*** Opening of DATASET EXCERPTS ***

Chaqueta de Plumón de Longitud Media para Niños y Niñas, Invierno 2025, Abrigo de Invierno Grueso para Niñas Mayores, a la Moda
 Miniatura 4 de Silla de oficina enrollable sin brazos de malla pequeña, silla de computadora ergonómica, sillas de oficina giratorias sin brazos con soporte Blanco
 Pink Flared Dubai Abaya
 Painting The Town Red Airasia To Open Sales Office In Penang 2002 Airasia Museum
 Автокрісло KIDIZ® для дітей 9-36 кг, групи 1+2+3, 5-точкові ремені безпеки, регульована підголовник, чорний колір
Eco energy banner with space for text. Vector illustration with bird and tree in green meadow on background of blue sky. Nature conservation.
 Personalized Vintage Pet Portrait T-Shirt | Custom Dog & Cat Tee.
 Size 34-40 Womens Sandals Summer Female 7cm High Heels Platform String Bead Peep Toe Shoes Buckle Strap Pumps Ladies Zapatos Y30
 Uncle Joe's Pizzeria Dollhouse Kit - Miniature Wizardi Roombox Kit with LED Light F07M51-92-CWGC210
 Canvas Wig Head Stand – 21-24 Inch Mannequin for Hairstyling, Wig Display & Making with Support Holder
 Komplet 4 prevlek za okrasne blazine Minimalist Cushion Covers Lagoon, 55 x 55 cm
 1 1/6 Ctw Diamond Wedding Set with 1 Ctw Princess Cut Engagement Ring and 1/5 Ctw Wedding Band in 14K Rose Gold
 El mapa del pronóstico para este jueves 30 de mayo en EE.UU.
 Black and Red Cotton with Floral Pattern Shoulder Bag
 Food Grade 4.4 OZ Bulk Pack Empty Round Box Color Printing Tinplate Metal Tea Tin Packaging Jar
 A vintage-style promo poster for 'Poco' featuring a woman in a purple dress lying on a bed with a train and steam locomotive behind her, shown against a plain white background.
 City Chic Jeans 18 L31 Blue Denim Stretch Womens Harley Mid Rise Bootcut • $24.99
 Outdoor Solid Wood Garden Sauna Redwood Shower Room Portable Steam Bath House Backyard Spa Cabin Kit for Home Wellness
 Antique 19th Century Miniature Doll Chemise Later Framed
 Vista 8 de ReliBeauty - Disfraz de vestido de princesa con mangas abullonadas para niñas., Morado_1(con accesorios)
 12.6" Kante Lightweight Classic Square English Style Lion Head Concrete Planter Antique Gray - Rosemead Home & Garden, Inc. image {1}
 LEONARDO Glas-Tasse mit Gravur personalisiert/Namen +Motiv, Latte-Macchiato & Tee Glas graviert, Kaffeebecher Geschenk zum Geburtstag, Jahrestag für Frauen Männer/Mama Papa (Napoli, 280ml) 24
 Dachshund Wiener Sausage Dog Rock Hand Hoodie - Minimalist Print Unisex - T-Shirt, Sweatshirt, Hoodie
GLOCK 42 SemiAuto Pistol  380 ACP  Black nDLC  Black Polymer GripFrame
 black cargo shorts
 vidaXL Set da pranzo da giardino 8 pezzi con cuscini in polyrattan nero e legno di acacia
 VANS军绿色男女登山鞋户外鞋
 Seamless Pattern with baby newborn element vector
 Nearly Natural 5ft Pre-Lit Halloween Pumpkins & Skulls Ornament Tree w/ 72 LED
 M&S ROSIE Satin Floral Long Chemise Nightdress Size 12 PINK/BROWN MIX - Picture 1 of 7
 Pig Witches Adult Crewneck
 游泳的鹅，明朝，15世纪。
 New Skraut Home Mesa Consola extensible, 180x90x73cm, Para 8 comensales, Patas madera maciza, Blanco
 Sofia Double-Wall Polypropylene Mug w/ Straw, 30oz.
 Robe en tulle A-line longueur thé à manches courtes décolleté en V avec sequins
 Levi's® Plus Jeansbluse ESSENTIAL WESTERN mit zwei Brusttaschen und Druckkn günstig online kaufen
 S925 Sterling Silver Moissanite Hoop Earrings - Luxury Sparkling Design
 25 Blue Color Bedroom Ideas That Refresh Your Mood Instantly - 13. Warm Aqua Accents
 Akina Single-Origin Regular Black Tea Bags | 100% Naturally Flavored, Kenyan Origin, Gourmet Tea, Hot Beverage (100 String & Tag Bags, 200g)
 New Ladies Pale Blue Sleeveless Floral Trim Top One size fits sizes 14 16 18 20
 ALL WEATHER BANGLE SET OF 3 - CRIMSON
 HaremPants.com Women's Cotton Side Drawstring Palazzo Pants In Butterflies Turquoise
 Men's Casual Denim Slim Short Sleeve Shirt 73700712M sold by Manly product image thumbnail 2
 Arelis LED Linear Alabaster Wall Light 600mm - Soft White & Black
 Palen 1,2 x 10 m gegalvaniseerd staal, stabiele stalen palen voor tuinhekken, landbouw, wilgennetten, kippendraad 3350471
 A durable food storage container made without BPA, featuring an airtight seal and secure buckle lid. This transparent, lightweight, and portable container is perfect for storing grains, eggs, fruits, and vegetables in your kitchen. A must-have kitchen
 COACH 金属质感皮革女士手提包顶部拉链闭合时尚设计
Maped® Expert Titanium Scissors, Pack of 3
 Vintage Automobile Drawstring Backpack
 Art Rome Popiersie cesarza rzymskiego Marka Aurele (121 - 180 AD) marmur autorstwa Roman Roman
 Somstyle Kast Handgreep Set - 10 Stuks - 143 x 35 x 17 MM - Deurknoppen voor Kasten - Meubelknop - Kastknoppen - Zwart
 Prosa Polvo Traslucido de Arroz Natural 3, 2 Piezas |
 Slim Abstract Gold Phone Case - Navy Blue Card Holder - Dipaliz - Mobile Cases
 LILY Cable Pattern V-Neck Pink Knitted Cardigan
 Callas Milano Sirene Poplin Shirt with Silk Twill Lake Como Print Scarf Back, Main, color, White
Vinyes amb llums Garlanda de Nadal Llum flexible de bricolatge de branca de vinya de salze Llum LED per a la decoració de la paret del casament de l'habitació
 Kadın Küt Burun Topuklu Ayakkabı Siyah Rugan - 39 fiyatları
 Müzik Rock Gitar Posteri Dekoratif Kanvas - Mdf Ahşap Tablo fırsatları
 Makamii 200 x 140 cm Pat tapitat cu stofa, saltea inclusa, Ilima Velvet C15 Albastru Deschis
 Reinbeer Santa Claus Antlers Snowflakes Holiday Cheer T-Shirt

*** Close of DATASET EXCERPTS ***

§ **ABOUT THIS TASK**
Return every line of the entries above that the string "Floral" appears in.

§ **SOLUTION FOR THIS EXERCISE**
 Black and Red Cotton with Floral Pattern Shoulder Bag
 M&S ROSIE Satin Floral Long Chemise Nightdress Size 12 PINK/BROWN MIX - Picture 1 of 7
 New Ladies Pale Blue Sleeveless Floral Trim Top One size fits sizes 14 16 18 20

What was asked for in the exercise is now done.